A petition circulated and signed by leading scholars of the Shoah calls on the world community to take responsibility for the estimated 60,000 African refugees who entered Israel in recent years.
“We hope Israel will play an appropriate role in such an effort, alongside other nations that are committed to doing their fair share,” says the petition, whose signatories include three local rabbis.
The petition, however, is being criticized by some of those who have been advocating on behalf of the refugees in Israel, saying it whitewashes the Jewish state for its failure to follow United Nations procedures concerning refugees, as well as for the anti-immigrant fervor whipped up by politicians beginning last spring and continuing through this election season. (Israel is to hold national elections in a little over two weeks.)
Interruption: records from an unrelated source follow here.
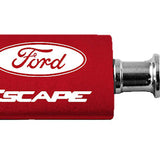 Ford Escape Anodized Aluminum Valet Key Chain Fob - Official Licensed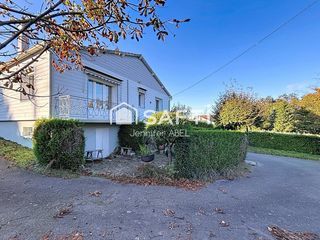  Maison � vendre 4 pi�ces 79 m�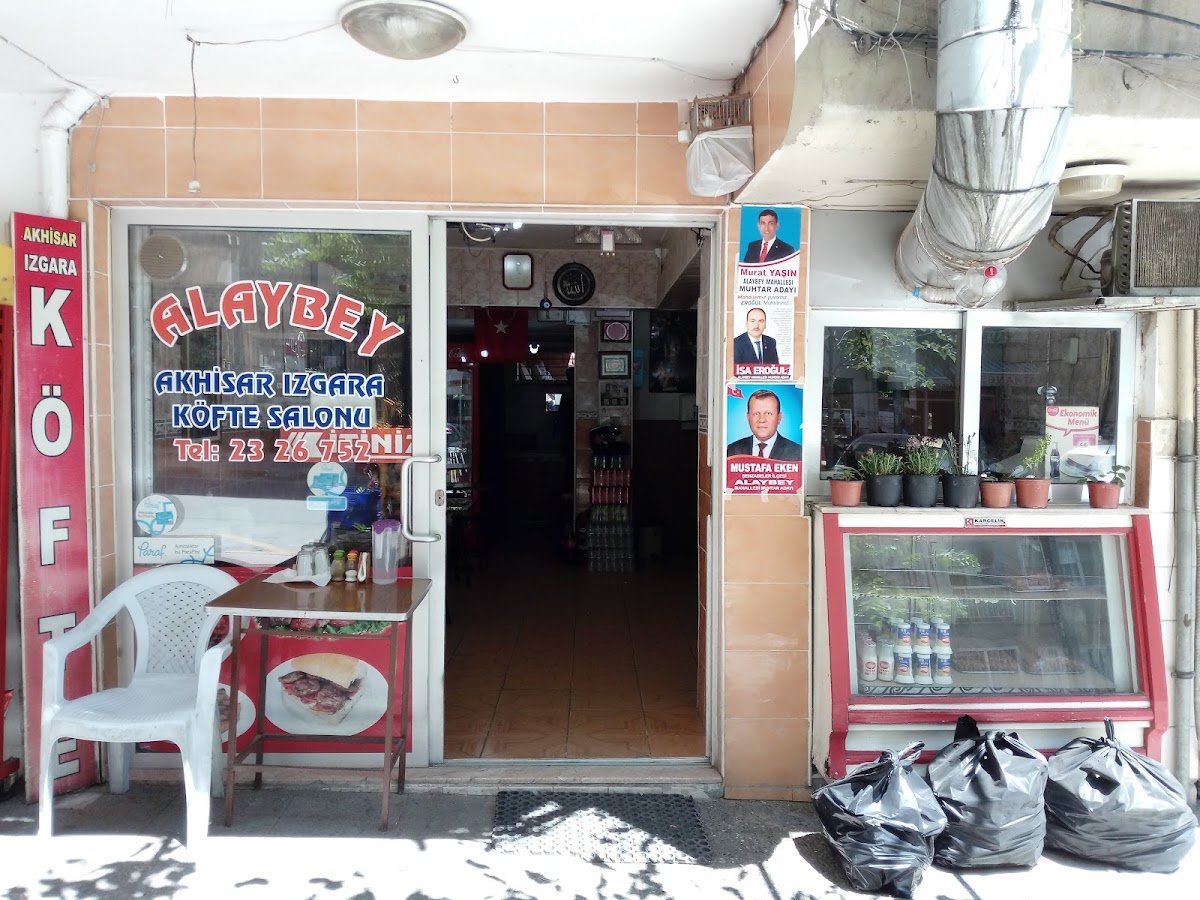 Alaybey Akhisar Izgara Köfte Salonu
Last week, it was reported that a 21-year-old Jewish man accused of throwing eight firebombs last April at four private homes of Africans and the yard of a kindergarten where African children were sleeping was offered a plea bargain by prosecutors that would entail six months of community service, but no prison time. No one was hurt in those attacks.
The lead force behind the petition is Rafael Medoff, director of the David Wyman Institute for Holocaust Studies in Washington. Medoff said that the petition emerged from conversations with another Shoah scholar, Yehuda Bauer of the Hebrew University in Jerusalem.
After debating the question of United States complicity in the Shoah in Israeli newspapers, the two sought common ground, Medoff said in an interview this week.
“Historians need to not only study history, but have an obligation to try to make this world a better place,” he said. “We had both expressed concern about the plight of the African refugees. Discussing the issue, we found we agreed that this is a world problem, a problem not just for Israel, and there should be a world solution.
“It’s not fair that Israel should be expected to shoulder the lion’s share of the solution to this problem, because every country in the world has the same moral responsibility to help the oppressed when they can,” Medoff continued.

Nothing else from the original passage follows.